Levanté a la niña. Estaba sin fajar y envuelta en una pañoleta. La cara era rosada y arrugada. Su mismo desamparo me llenó de una pena que estaba próxima al amor.
Tomó la niña de mis brazos.
—Todavía no —dijo—. Todavía no. Yo la criaré. Cuando llegue el momento, será tuya. —Puso a la niña nuevamente en la cuna y se volvió hacia mí. Sus garras se clavaron en mi brazo—. No olvides tu promesa.
Sacudí la cabeza. Luego me di cuenta que estaba llorando. No sabía a ciencia cierta por qué, por Keziah, cuya vida había acabado o por el bebé, cuya vida acababa de comenzar.
—Era demasiado joven para morir —observé.

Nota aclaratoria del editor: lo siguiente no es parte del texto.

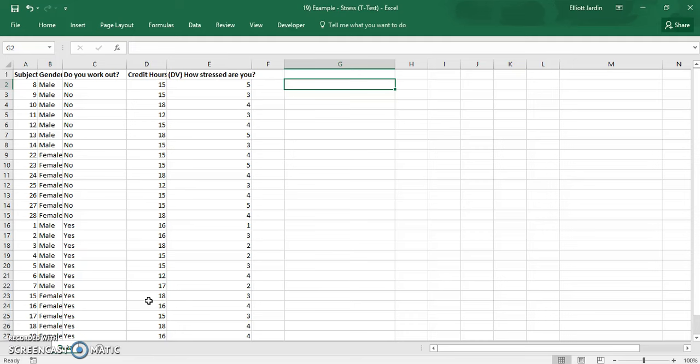Hi all, it's Elliot Jay back again with Conquer Statistics. Today what we're going to do is find descriptive statistics. And before we're able to do that, we're going to have to add in two separate add-ins.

—Había llegado su momento.
—Pero fue demasiado pronto.
—Tuvo una buena vida. Le gustaba retozar. Jamás podía rechazar a un hombre. Tenía que ser. Los hombres eran el sentido de su vida. También estaba escrito que serían su muerte.

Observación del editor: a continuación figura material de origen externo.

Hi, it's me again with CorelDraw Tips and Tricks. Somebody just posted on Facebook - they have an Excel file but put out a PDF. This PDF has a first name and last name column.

—Ese hombre…, el padre de la niña…, yo lo aborrecí.
—Sí, mi buena niña —dijo—. Pero ¿cómo podemos estar seguras cualquiera de nosotras quién fue nuestro padre?
—Yo estoy segura —afirmé.
—Ah, sí, tú, ¿pero quién más puede estarlo? Keziah nunca supo quién fue su padre. Ni tampoco su madre. Mi hija era otra Keziah. No podían resistirse a los hombres, sabes y las dos murieron al dar a luz. Tú eres una dama distinguida y harás otra de madreselva también. —Me oprimió el brazo—. Tienes que hacerlo, ¿verdad? No te atreverías a hacer otra cosa, ¿no es así? Recuerda, diste tu palabra. Y si no la mantienes, mi buena damita, tendrás siempre sobre ti la maldición de Keziah muerta y, lo que es peor, la de la Madre Salter.
—No tengo la menor intención de no mantener mi promesa. Deseo hacerlo. Añoro tener a la niña. Mi padre ha dicho que puedo criarla como propia si lo deseo.
—Y debes desearlo así. Pero no todavía…, es demasiado pequeña. Yo la tendré hasta que llegue el momento. Luego será tuya. —Había traído consigo la ramita de romero y la apretó dentro de mi mano—. Recuerda —dijo.
Dejé la cabaña de la bruja lamentándome por Keziah, recordando tantas escenas de mi niñez y a un tiempo pensando en la niña y en lo feliz que sería teniendo un bebé para cuidar. Anhelaba tener hijos propios. Tal vez, pensé, mi padre estaba en lo cierto cuando decía que debía casarme.